TASK INPUT START

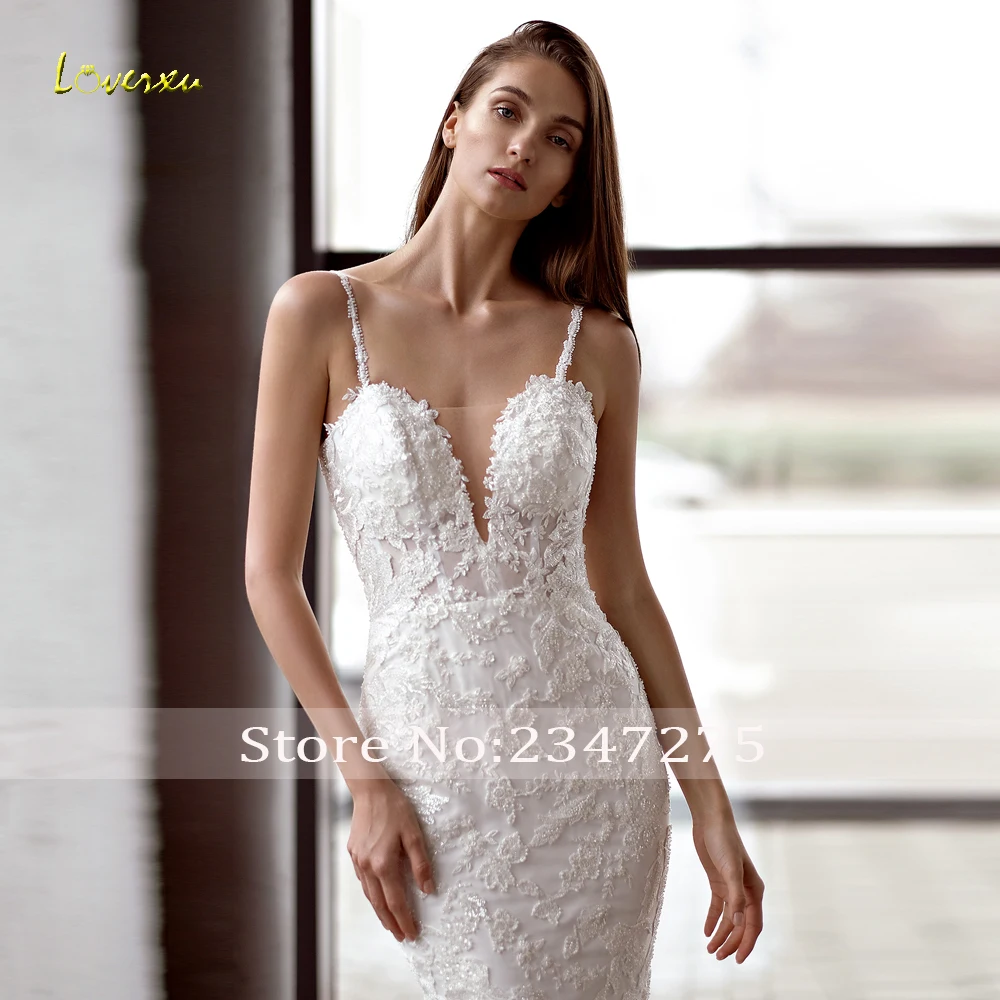 Loverxu Mermaid Sexy Wedding Dresses Sweetheart Spaghetti Straps Vestido De Novia Lace Appliques Beading Custom Made Bridal Gown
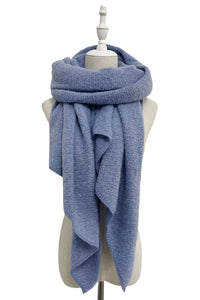 Plain Boucle Diagonal Edge Wool Scarf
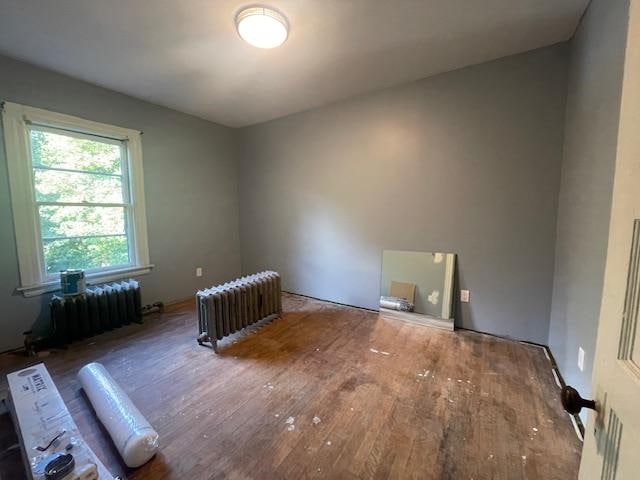 spare room with radiator and wood-type flooring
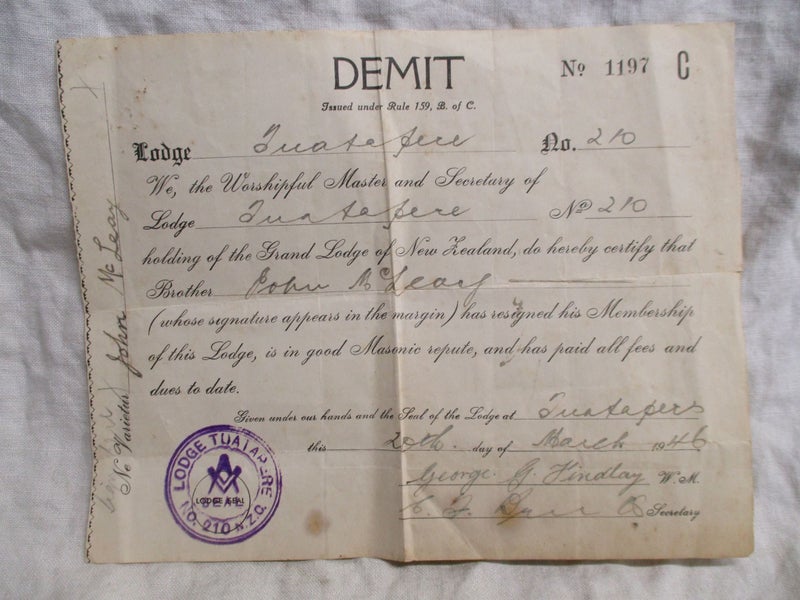 PQ 7009 - Ephemera Document - Demit Masnic Lodge - Tuiapere No 210 NZ 1946 Carousel 1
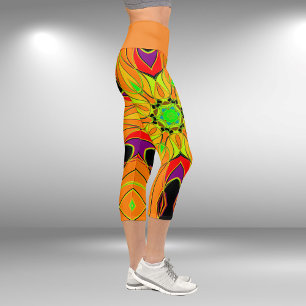 Leggings Capri Personalizado Mandala Naranja de flores verde y ro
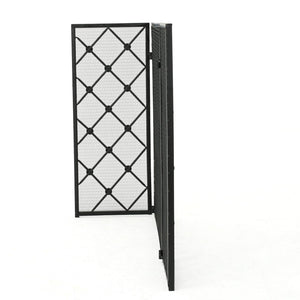 English Elm Christopher Knight Home® - FIRE Black Iron Fireplace Screen 34x31x4.5 Protective Mesh Guard Heat-Resistant Durable Design 61128.00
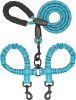Dual Dog Leash; 360 Swivel No Tangle Shock-Absorbing Bungee Walking Leash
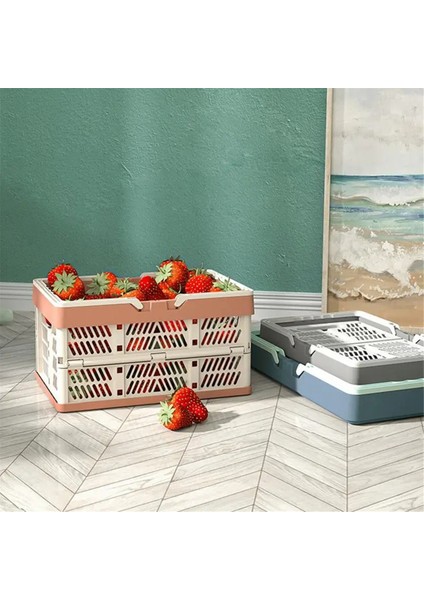 Açık Katlanır Piknik Sepeti Taşınabilir Kamp Saklama Kabı Plastik Çerçeve Büyük Kapasiteli Süpermarket Alışveriş Sepeti (Yurt Dışından) fiyatları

TASK INPUT END

TASK PROMPT: Begin with the line holding "Dual Dog Leash;" and end with the last line of the listing. Reproduce each of those lines exactly, and leave every picture out.

YOUR RESPONSE:
Dual Dog Leash; 360 Swivel No Tangle Shock-Absorbing Bungee Walking Leash
 Açık Katlanır Piknik Sepeti Taşınabilir Kamp Saklama Kabı Plastik Çerçeve Büyük Kapasiteli Süpermarket Alışveriş Sepeti (Yurt Dışından) fiyatları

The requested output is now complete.